Dear Karen and Zachary:
What does one say in times like these, what words can possibly comfort those who’ve lost loved ones? Questions such as this often came to my mind reading letters of condolence to my family in the shadow of my father’s recent death. Prominent amongst those letters was one from your husband and father. I worked for Rich at Cantor Fitzgerald/eSpeed on the top of 1 WTC for the better part of a year. Now, a little more than a month after that letter from him to my mother and me, I have the most sorrowful task of writing such a letter to you. That none of us could have foreseen the mass murder of thousands on the 11th of September in such a manner is an understatement, which will resonate forever in this world… that a man as special as your husband and father had the misfortune to be amongst the victims is a blow that will forever shape your lives and mine.
Each day I stop and look at the flyers friends and relatives of victims put up wherever I go, and invariably I find a face from Cantor Fitzgerald/eSpeed… sometimes it’s someone I knew, but often it’s just a face I recognize in passing from work. The first time I recognized at all someone on one of these flyers was at the Pierre Hotel a day afterward, and it was Rich staring back at me…. I was just stunned, equal parts anger and numbness. While I knew where Rich was and what had happened from speaking with you right before out Tower 1 collapsed, the stark reality of seeing his face on a flyer was something else entirely, a reality which has yet to soften at all. While the son of a Rabbi and well-versed in my religion, I’m not at all religious, but owing to my father’s death I’ve been going to temple a lot recently… sitting in temple after a long absence has mainly given me pause for reflection, and since the 11th of September, it is your husband and father Rich of whom I think most often along with my own father. One of the neat things about working at 1 WTC was that I could see my sailboat from my office, but now when I look up from my boat at the emptiness in the skyline I’m confronted by the absence of what and who once was. In my religion it is said during Mourner’s Kaddish marking the anniversary of a death that ‘”the departed… still live on earth in the acts of goodness they performed and in the hearts of those who cherish their memory. May the beauty of their life abide among us as a loving benediction.” For now I’m anguished and angry, but perhaps in time I’ll dwell more on Richard’s goodness than his absence, as I hope you shall.

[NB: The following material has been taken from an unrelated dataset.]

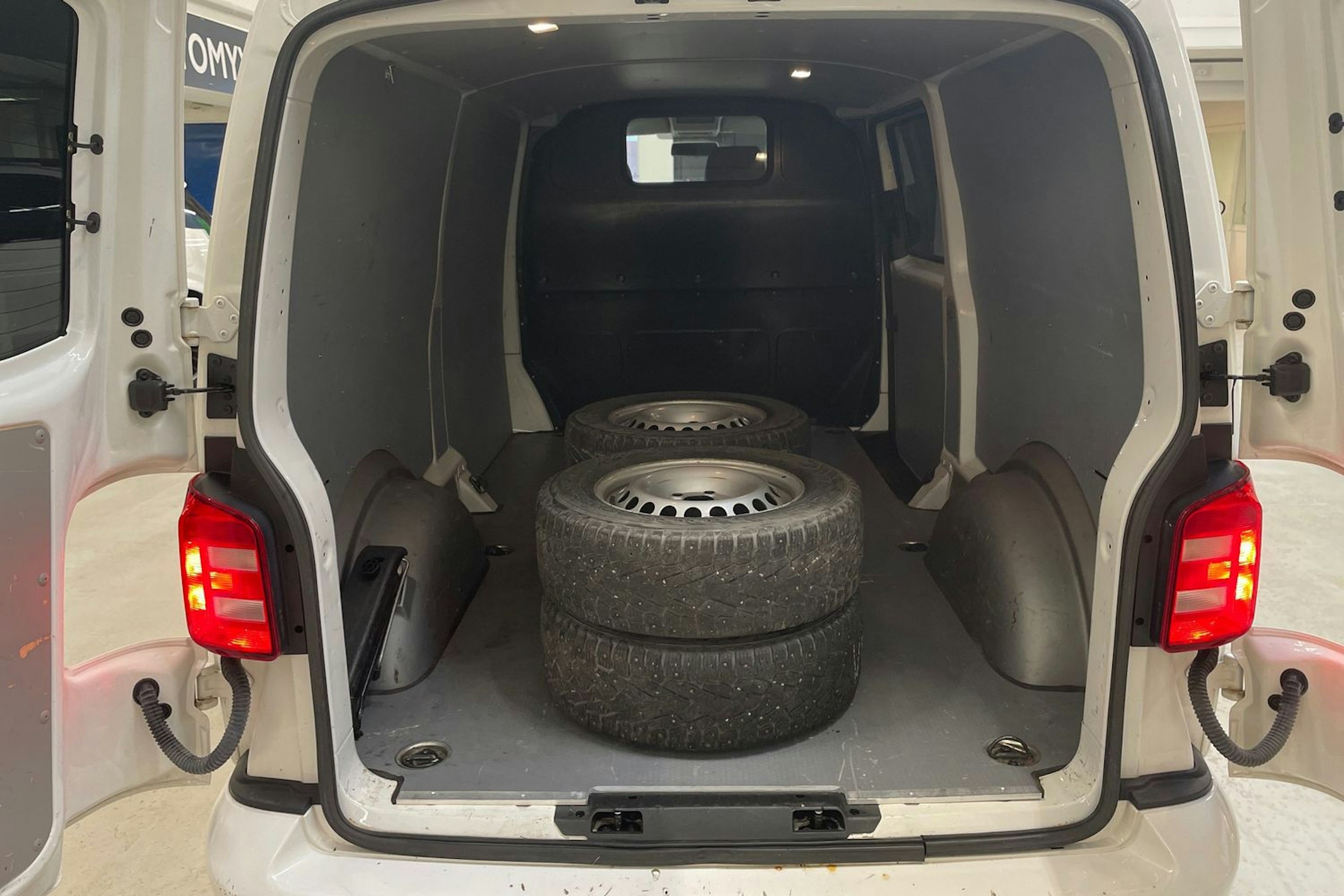 valkoinen Volkswagen Transporter 2019 kuva 15.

As you undoubtedly know, Rich was a special person, even to those who just worked with him. I was deeply grateful to work for someone possessed of such unusual intelligence, honesty, humor, grace, loyalty, and, most of all, humanity…

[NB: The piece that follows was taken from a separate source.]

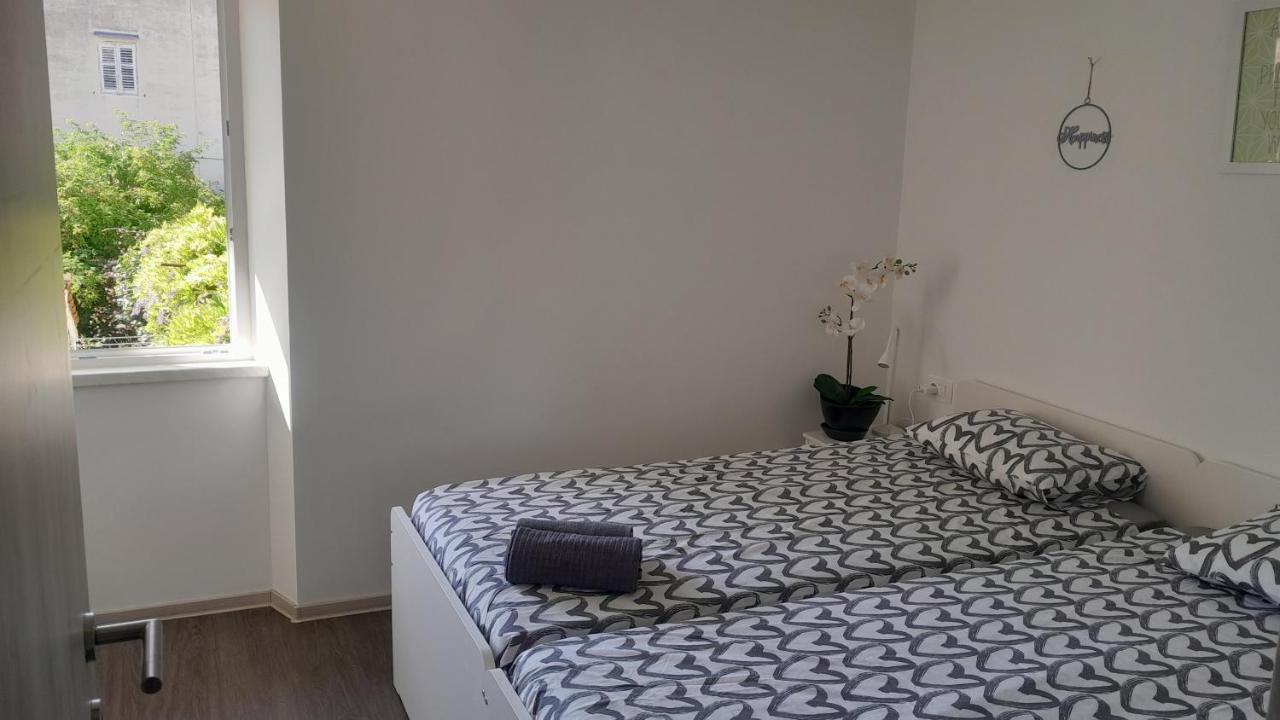 Apartma Ana Koper Bagian luar foto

Your husband and father Rich was one of the best people I’ve ever worked for, a natural leader. To some this could be quite intimidating, but to those of us who followed him he was just Rich, the guy with all the gadgets and toys, as well as the plan. I’m not alone in saying we’d have followed him anywhere beyond Cantor Fitzgerald/eSpeed were he to let us. Having been in a few potentially life threatening situations while at sea, I know what it’s like when people shift from recognizing your authority to actively looking to you for leadership. However, unlike the events of the 11th of September, things always worked out as I was trained and prepared. I can barely imagine what it would have like otherwise, to be helpless. Surely people were looking to Rich to lead them down to safety, and if anyone could have done it would have been him. We now know that Rich and everyone else faced insurmountable odds up there and never stood a chance. I suspect there are quite a few broken keyboards that Rich snapped that morning now lying somewhere in the rubble.

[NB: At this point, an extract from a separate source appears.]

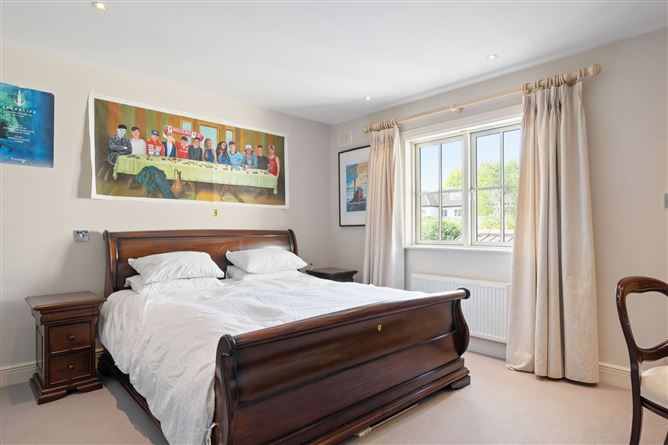 33 North Avenue, Mount Merrion,   County Dublin
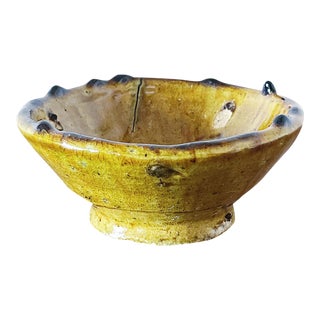Vintage California Studio Pottery Trinket Bowl in Yellow Glaze For Sale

These things I mention of your husband are surely no surprise to you Karen, but to you little Zachary these are things you were yet to find out for yourself about your father. All the pictures and videos of you, your mother and you father in his office, always most prominently displayed were a testament to Rich’s pride in and love for you and your mother. As the years go by and you get older, these things will give you a glimpse at who your father was and how much he cared for you and others. No doubt your mother, uncles and grandparents will be able to fill in the picture in greater detail.. And those of us who worked for Rich will be eager to tell you of the man we knew. The man we surprised one summer with a party for his birthday… to his utter embarrassment and eventual enjoyment, certainly grateful for the Home Depot gift certificates, which perhaps he used to buy the tools with which he made you a chest and other things. Make no mistake, Rich spent a lot of his time at work, but it was clear to me that he always knew family, you and your mother, were what mattered most.